Constructing Self-Adapting Electrostatic Interface on Lithium Metal Anode for Stable 400 Wh kg-1 Pouch Cells

The realization of large-capacity, high-energy-density Li metal battery technology is seriously impeded by dendrite growth and massive dead lithium formation upon cycling. Here, a stable flexible electrostatic self-adapting polymer (poly(1-benzyl-3-vinylimidazolium), (PBM)) interface is reported to regulate lithium-ion deposition for dendrite-free lithium metal batteries. The cationic PBM interlayer can adaptively tune the surface current density near the lithium/electrolyte interface, inducing a uniform distribution of current density and lithium ions and thus achieving dendrite-free Li deposition under harsh conditions (lean electrolyte 8.75 mu L mAh(-1), high areal capacity >4 mAh cm(-2)). Moreover, the tethered phenyl groups endow PBM with a low reduction potential of -3.7 V versus standard hydrogen electrode by decreasing Hirshfeld charge at the reductive site. This avoids electrochemical reduction and therefore ensures the long-term stability of the PBM interface. Consequently, the Li|PBM@Cu asymmetric cells deliver a high average Coulombic efficiency of 99.38% at 8 mAh cm(-2) with lean electrolyte.

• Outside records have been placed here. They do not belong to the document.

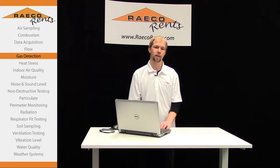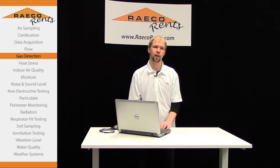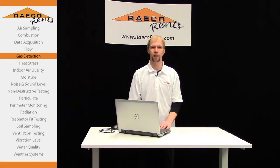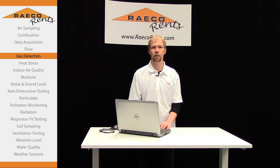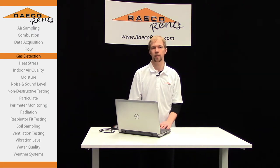Hello everyone! Today I'm going to be doing a quick demonstration on how to load a custom gas library for real-time analysis using the GasMet DX4040 FTIR Gas Analyzer.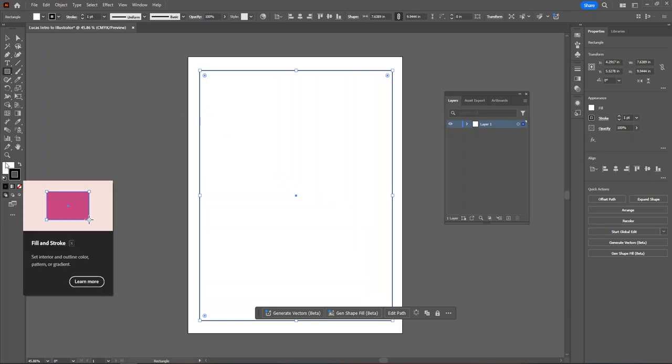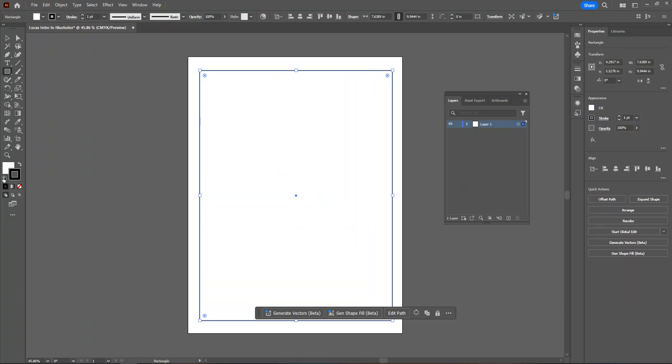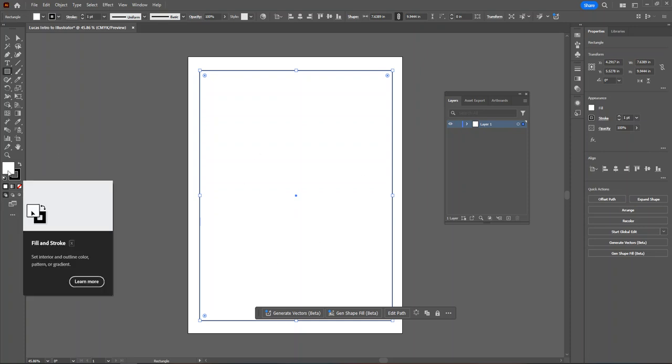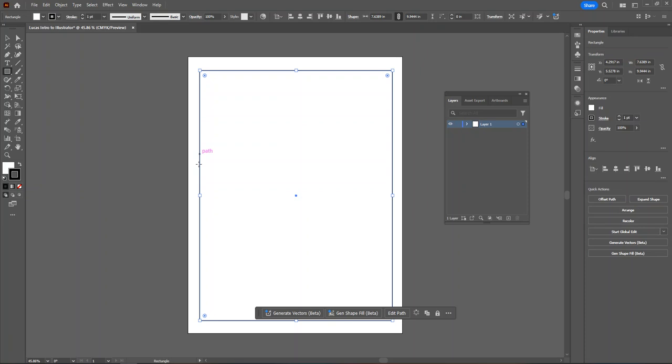Here at the bottom of my toolbar, you'll see my fill and my stroke. Right now, the fill, the interior color of the rectangle is set to white, and the stroke, the outline color of the rectangle, is set to black.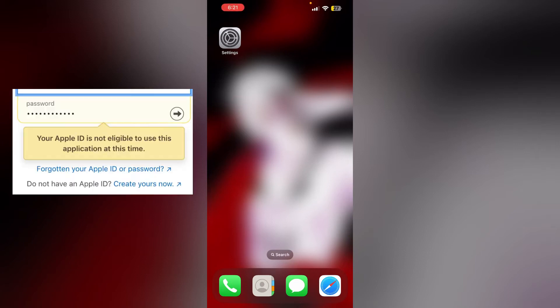Hello guys, welcome to another video in which we'll be discussing how to fix 'Your Apple ID is not eligible to use this application at this time' on iOS. Are you having trouble with your Apple ID not being eligible to use certain apps? Don't worry, in this video we'll help you find a solution. Just follow these easy steps.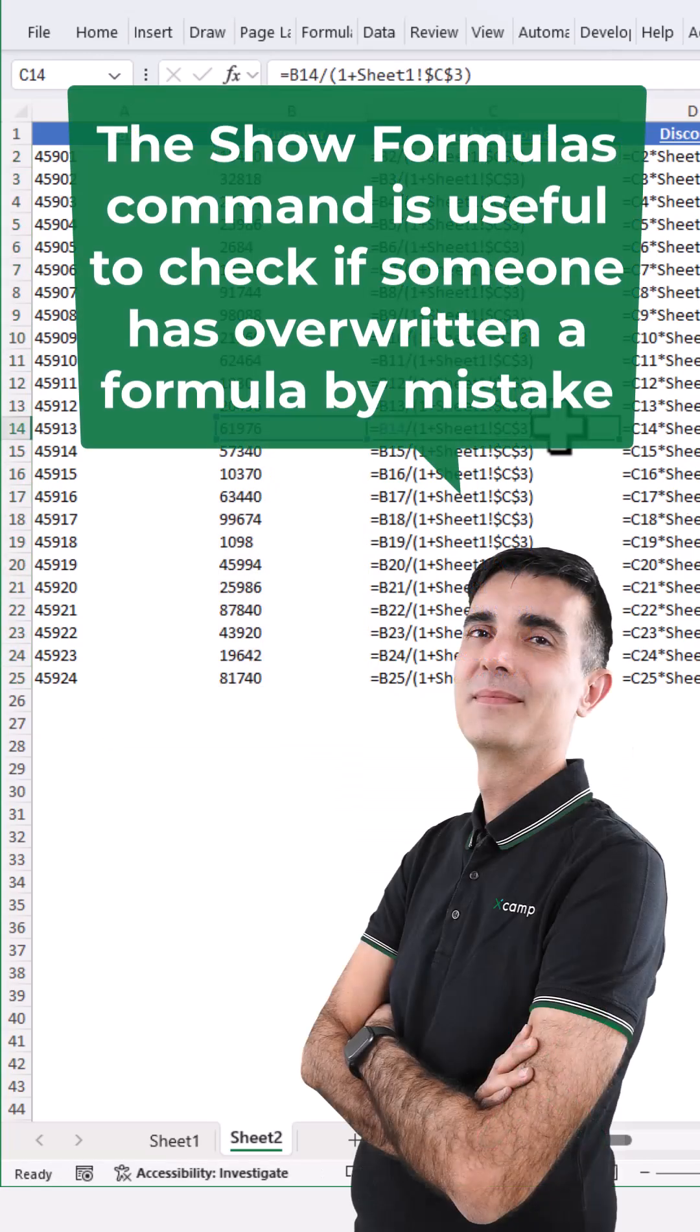The Show Formulas command is useful to check if someone has overwritten a formula by mistake.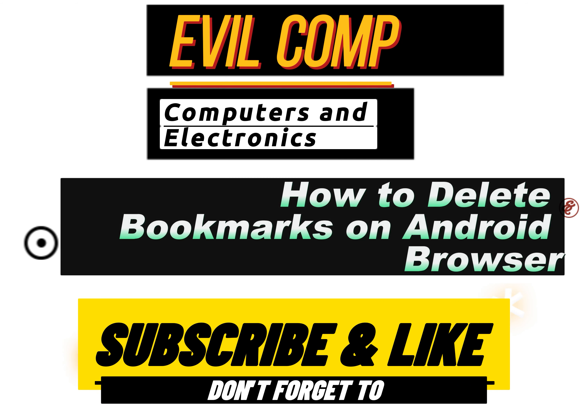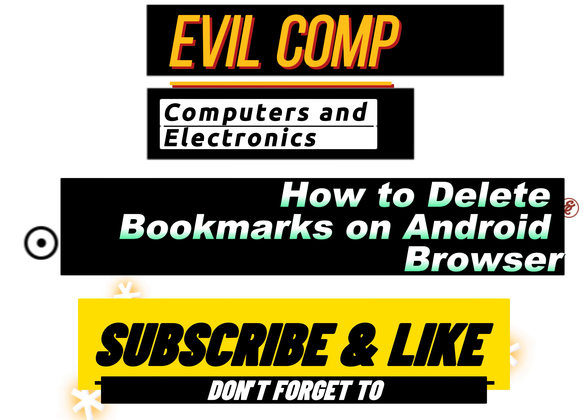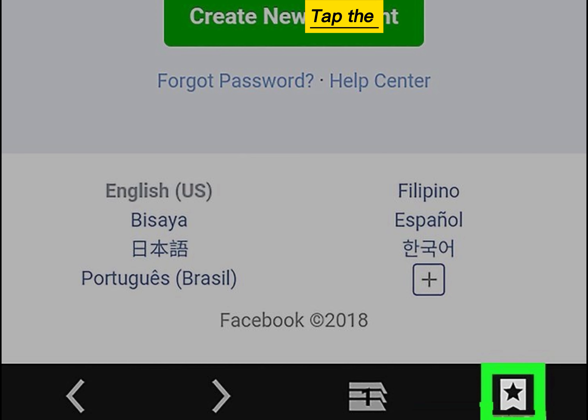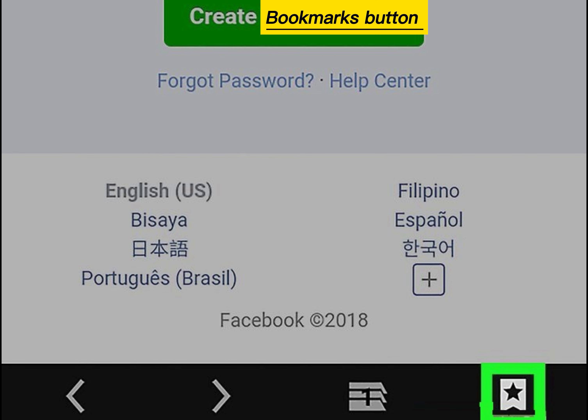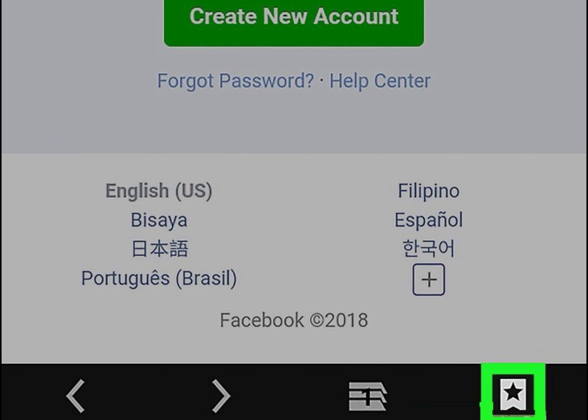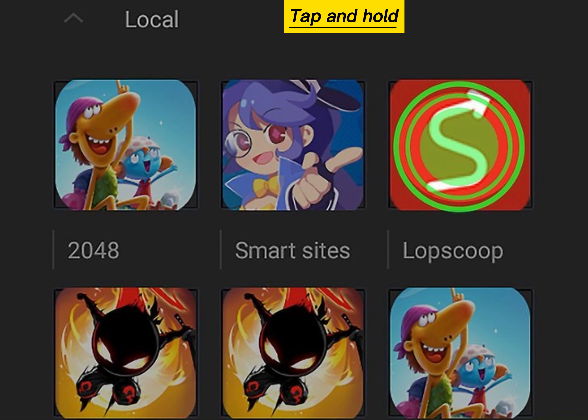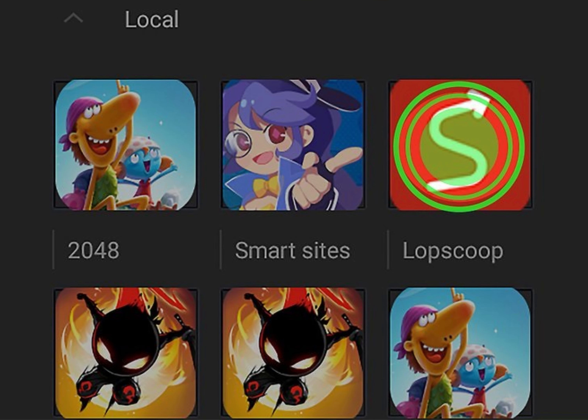How to delete bookmarks on Android browser. Tap the bookmarks button at the bottom of the screen. Tap and hold the bookmark you want to delete.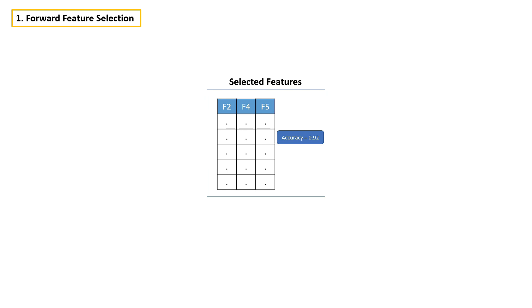So we can simply build a model with these three features. This is how we can select features using forward feature selection. In the next video, we are going to discuss about backward feature selection.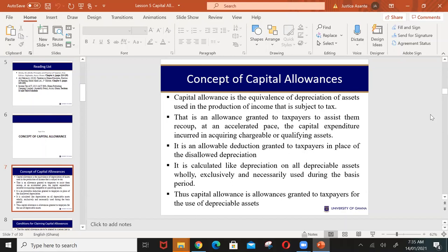Businesses use capital assets to undertake their daily activities. For example, if you are in the manufacturing sector, you may purchase equipment. The equipment will lose value over time as you use it in production. If it's a car used for business activities, the value of the capital asset would depreciate with time. Under normal accounting principles, the amount of loss each year — referred to as depreciation — is allowed as an expense in determining the profit of the year.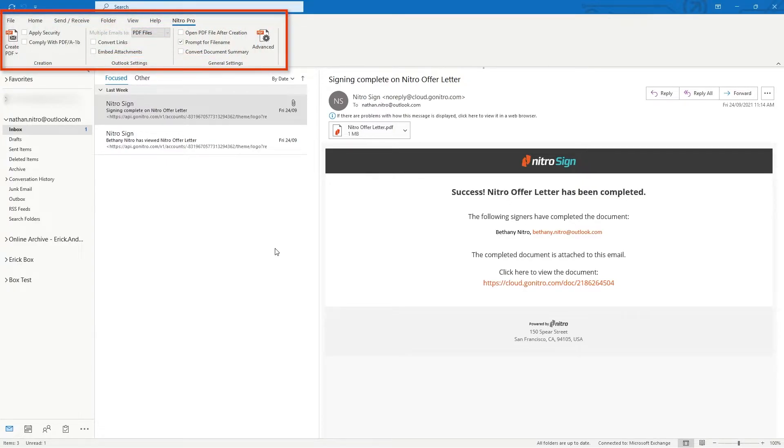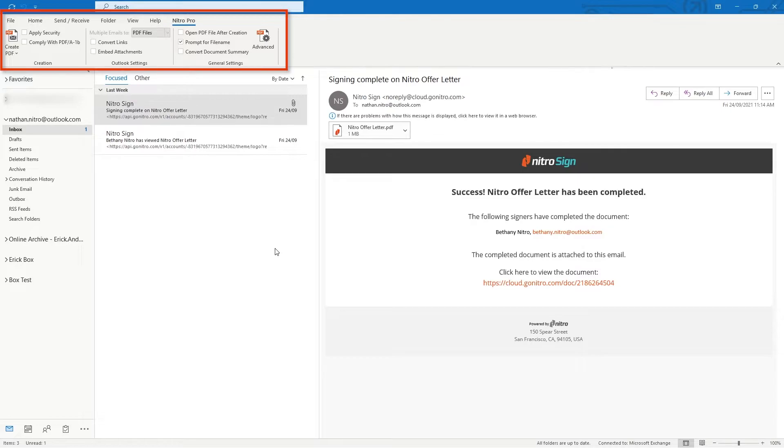Things such as converting links, embedding attachments, merging multiple emails into one document, or making PDF portfolios from multiple emails can be accomplished with Nitro.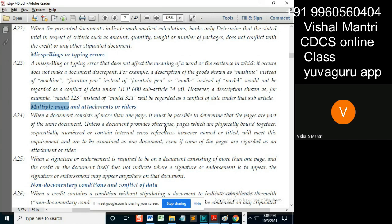Means what? Either bound together or sequentially numbered or containing internal cross-references. So, these will form the single document.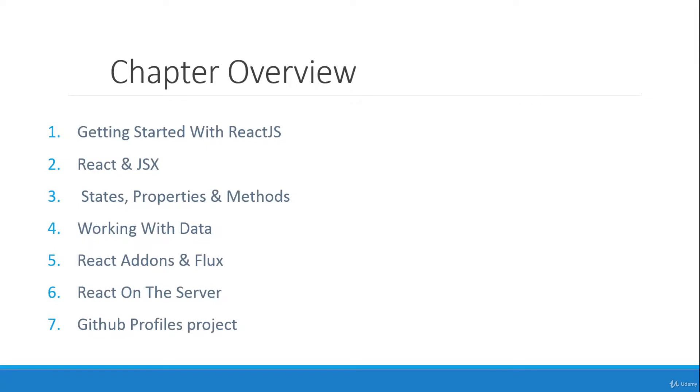So chapter overview, chapter one, we'll be just getting started with React. We'll set up our environment, we'll talk about what React is.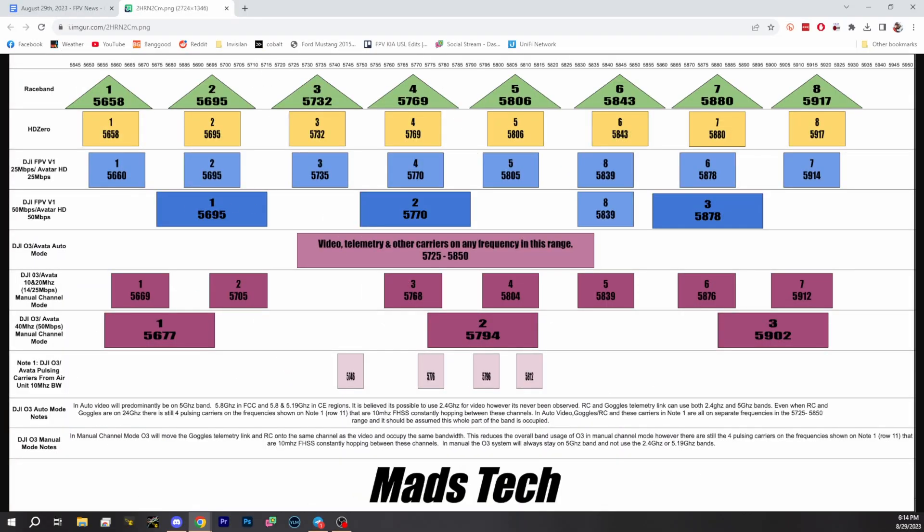Second PSA. We wanted to show you this chart from MadsTech. We appreciate MadsTech, Ian Lewis, and his community — we've talked about it many times. He'll come up in the next story a little bit. The main thing we wanted to tell you about this situation is that he went through and logged the O3 and Avada channels and compared them to the original DJI channels.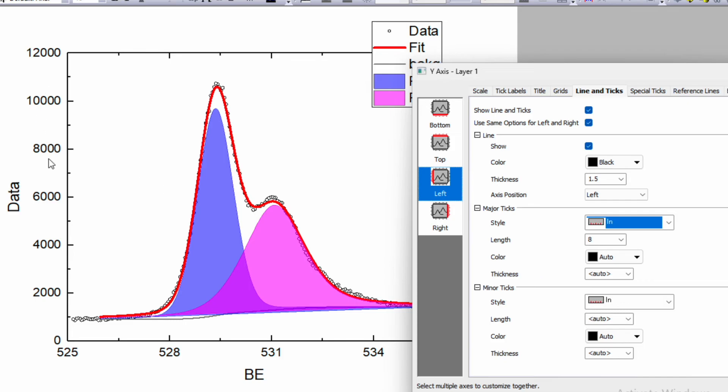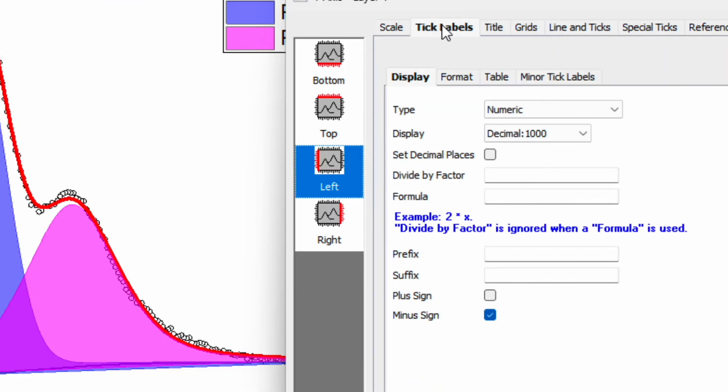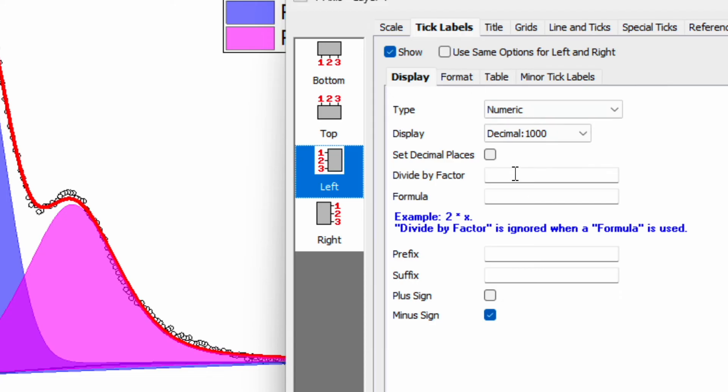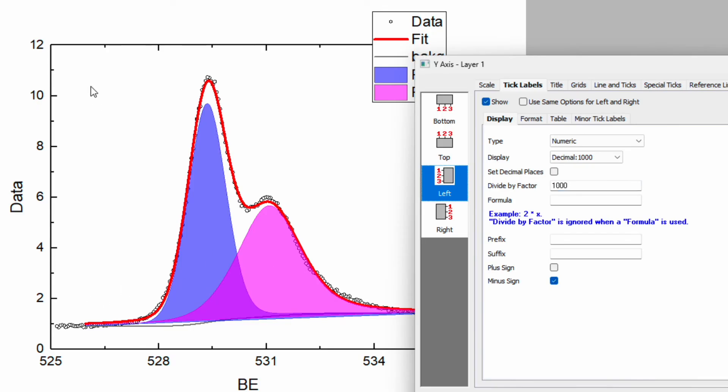Now here you will see this number is huge, so you can go to the tick label as well. And over here you will see option for divide by factor. Divide by 1000, and then number will be reduced to 0 to 12.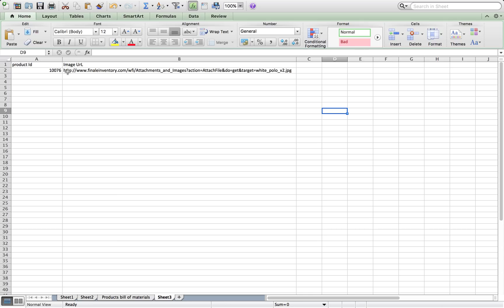you can most likely just export that file, include the image URL and use that same image URL for Finale. So it makes it really easy to add images, add product thumbnails within Finale.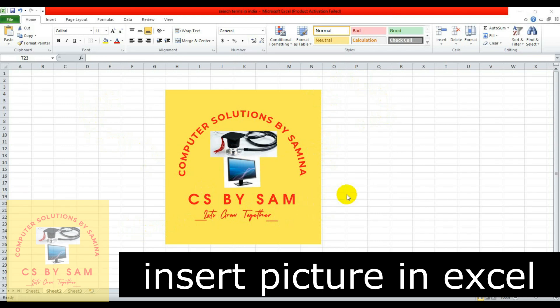Hello everyone, welcome to our channel. In today's video, we will tell you how to insert a picture in MS Excel. We will be with you in the video so that you don't miss any steps. Subscribe and press the bell icon so that you will get the same videos in your inbox. So, let's start today's video.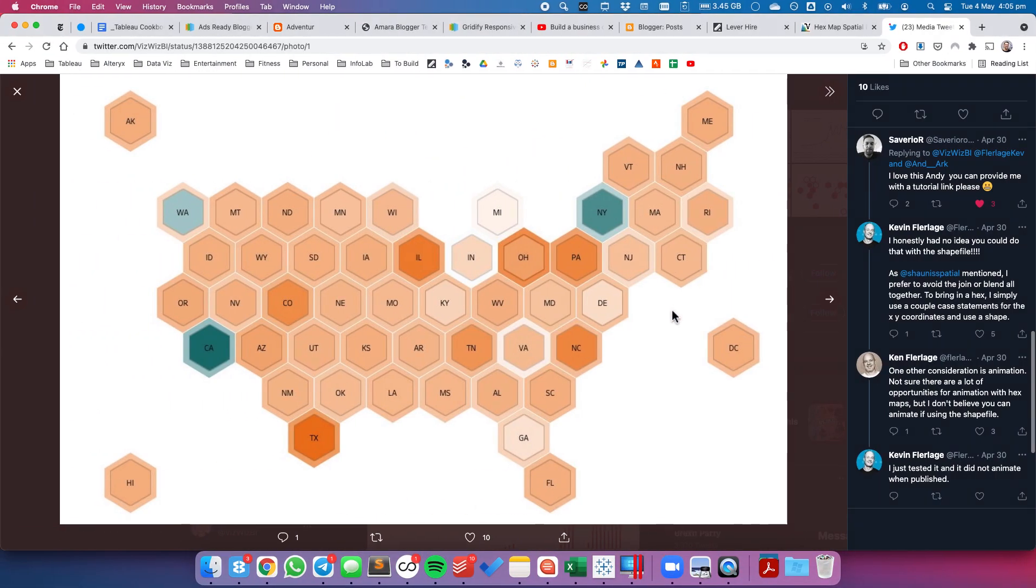Now traditionally, a hex map will have two hexagons on it, one in the background, one in the foreground. This will be for overlapping the hexagons, but it can become quite fiddly to get them packed perfectly together.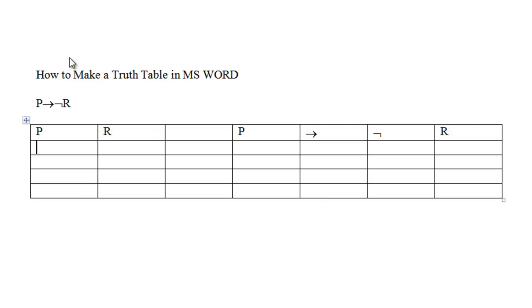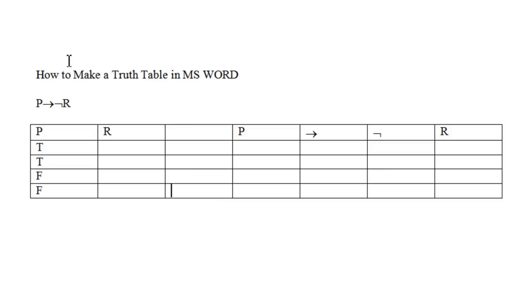Once you have enough space to input the truth values, put the appropriate truth values under the letters. So here we're writing T, T, F, F for true, true, false, false, then true, false, true, false.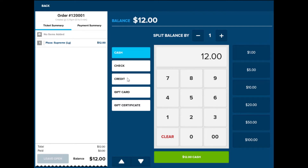For credit, the server will just need to select the credit button and swipe the card. For cash payments, the server will be able to select one of the increments or select the green cash button at the bottom for exact change.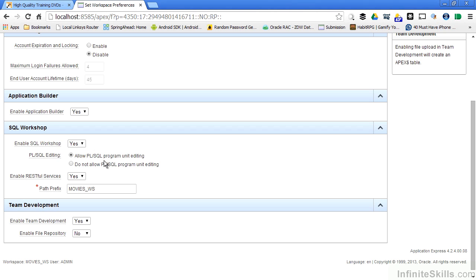I can allow developers to create PL SQL functions, procedures, and packages inside my Apex environment to support their development efforts. Or I can deny it at the workspace level.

Notably, the 5.1 Ah LiNi0.8Co0.1Mn0.1O2|PBM@Li pouch cell exhibits excellent cycling stability (0.011% decay/cycle) and high energy density (418.7 Wh kg(-1)) under realistic conditions (lean electrolyte 2.5 g Ah(-1), high areal capacity 5.7 mAh cm(-2), and high current density 2.7 mA cm(-2)).

Automated summary

The stable and flexible electrostatic self-adapting PBM interface effectively regulates lithium-ion deposition to achieve dendrite-free lithium metal batteries under harsh conditions, with high Coulombic efficiency and cycling stability. The PBM interface also features a low reduction potential and long-term stability, enabling high energy density and cycling stability in realistic conditions.